EU/UK Trade in goods
The bottom line is that from a TAX perspective the UK will be considered as a non-EU country resulting in customs duties and import-VAT due upon import in EU/UK transactions in which goods are involved. Whereas for example a UK-business can zero-rate its sales to the EU as a intracommunity supply until 29 March 2019, after 29 March UK-businesses are confronted with the pre-financing of the import VAT in the state of the recipient.

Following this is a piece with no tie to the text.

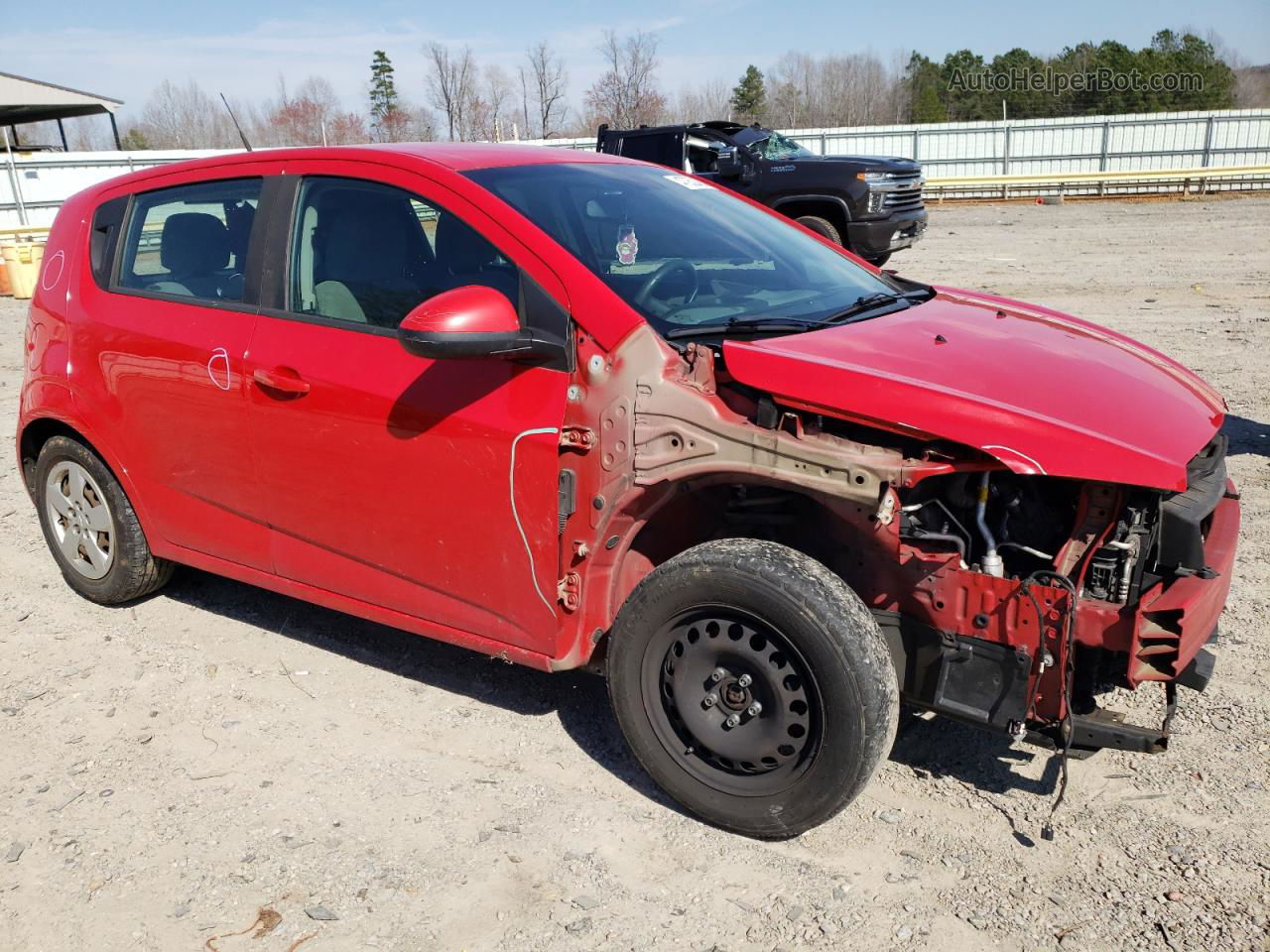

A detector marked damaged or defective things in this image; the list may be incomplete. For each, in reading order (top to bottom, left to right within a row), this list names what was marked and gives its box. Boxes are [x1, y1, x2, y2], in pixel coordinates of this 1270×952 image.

crumpled hood [718, 288, 1222, 494]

The import VAT can of course be refunded assuming the UK-business is not (partially) exempt. However, the pre-finance of the import VAT remains, resulting in a cashflow disadvantage for the UK-business. We recommend that these businesses either set up a Dutch BV through which the EU-market is served, or appoint a fiscal representative combined with a ‘article 23 permit’. With this permit the payment of the import-VAT will be shifted to the company’s Dutch VAT-return. Where on the one hand this ‘shifted’ VAT will be declared, the same amount can be declared as deductible input-VAT. Thus, on balance resulting in a VAT-payable of nil with respect to the EU-import.
EU/UK Trade in services
The place of supply rules for services will remain intact. One of these rules regard the place of supply rules for digital services. These services are taxed in the country of the recipient of the service. To mitigate the administrative burden for companies the MOSS-system was introduced EU-wide. Under the MOSS-system a company can declare all its VAT in one tax return in its resident state. The resident state’s Tax Authorities will transfer the VAT to the various countries where the company sold digital services to. UK-businesses can still utilize this system but should register for the MOSS non-union scheme. This can only be done after the UK leaves the EU. The non-union MOSS scheme requires businesses to register by the 10th April 2019 if you make a sale from the 29 to 31 March 2019 following, and by 10th May 2019 if you make a sale in April 2019. Key dates to put on your calendar when this applies to your business.
 Unless of course with respect to the transaction the Incoterms Delivered At Place or similar terms are agreed where the buyer is responsible for the customs duties and taxes.